Work request »
Where the line with "Kitchen featuring ventilation" appears below, start writing out lines exactly, and finish with the line with "Three boys outside", which is included; write out nothing else.

Records from a collection:
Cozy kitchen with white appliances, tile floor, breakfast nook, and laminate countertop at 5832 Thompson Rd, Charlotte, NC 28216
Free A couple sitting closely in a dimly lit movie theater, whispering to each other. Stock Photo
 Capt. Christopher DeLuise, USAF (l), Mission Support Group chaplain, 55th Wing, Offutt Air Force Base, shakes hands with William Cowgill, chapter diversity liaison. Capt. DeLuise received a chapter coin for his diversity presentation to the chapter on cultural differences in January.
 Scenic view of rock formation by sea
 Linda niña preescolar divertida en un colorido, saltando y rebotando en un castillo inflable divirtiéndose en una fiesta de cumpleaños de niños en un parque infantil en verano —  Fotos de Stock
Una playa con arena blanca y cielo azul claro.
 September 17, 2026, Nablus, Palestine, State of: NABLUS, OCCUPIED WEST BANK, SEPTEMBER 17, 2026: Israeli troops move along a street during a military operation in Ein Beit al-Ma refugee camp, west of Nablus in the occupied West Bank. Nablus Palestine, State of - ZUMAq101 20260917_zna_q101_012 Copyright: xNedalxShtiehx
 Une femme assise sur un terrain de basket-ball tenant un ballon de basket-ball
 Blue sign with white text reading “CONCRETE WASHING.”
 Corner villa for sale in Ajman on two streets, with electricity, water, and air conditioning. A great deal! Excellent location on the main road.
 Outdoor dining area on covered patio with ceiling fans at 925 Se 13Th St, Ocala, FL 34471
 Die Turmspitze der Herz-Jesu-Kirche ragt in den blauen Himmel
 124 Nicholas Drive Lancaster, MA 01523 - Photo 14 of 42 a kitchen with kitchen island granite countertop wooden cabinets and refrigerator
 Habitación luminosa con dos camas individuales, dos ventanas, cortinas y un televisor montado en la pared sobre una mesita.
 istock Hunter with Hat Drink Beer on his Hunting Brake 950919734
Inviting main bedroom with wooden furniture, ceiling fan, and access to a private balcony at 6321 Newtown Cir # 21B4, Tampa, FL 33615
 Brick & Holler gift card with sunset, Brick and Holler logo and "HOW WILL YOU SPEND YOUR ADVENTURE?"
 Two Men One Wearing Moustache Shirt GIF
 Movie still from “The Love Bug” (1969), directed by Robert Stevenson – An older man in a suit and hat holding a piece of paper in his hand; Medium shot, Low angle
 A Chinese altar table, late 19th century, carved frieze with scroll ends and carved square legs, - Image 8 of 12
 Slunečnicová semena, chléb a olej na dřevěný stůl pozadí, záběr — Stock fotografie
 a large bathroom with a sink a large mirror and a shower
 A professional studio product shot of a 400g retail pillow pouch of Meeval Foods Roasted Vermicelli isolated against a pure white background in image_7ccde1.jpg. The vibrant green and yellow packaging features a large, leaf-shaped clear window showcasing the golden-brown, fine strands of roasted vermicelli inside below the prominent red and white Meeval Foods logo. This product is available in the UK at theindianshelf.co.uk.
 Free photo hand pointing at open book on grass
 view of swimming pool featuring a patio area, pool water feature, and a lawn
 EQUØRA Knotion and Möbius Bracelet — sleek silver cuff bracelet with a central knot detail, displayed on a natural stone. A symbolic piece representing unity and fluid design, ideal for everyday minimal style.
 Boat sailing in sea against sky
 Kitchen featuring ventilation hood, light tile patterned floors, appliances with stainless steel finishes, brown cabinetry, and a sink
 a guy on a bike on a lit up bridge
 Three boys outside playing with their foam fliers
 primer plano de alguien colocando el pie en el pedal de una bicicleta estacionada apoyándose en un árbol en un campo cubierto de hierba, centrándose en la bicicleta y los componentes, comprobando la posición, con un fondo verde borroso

Finished task »
 Kitchen featuring ventilation hood, light tile patterned floors, appliances with stainless steel finishes, brown cabinetry, and a sink
 a guy on a bike on a lit up bridge
 Three boys outside playing with their foam fliers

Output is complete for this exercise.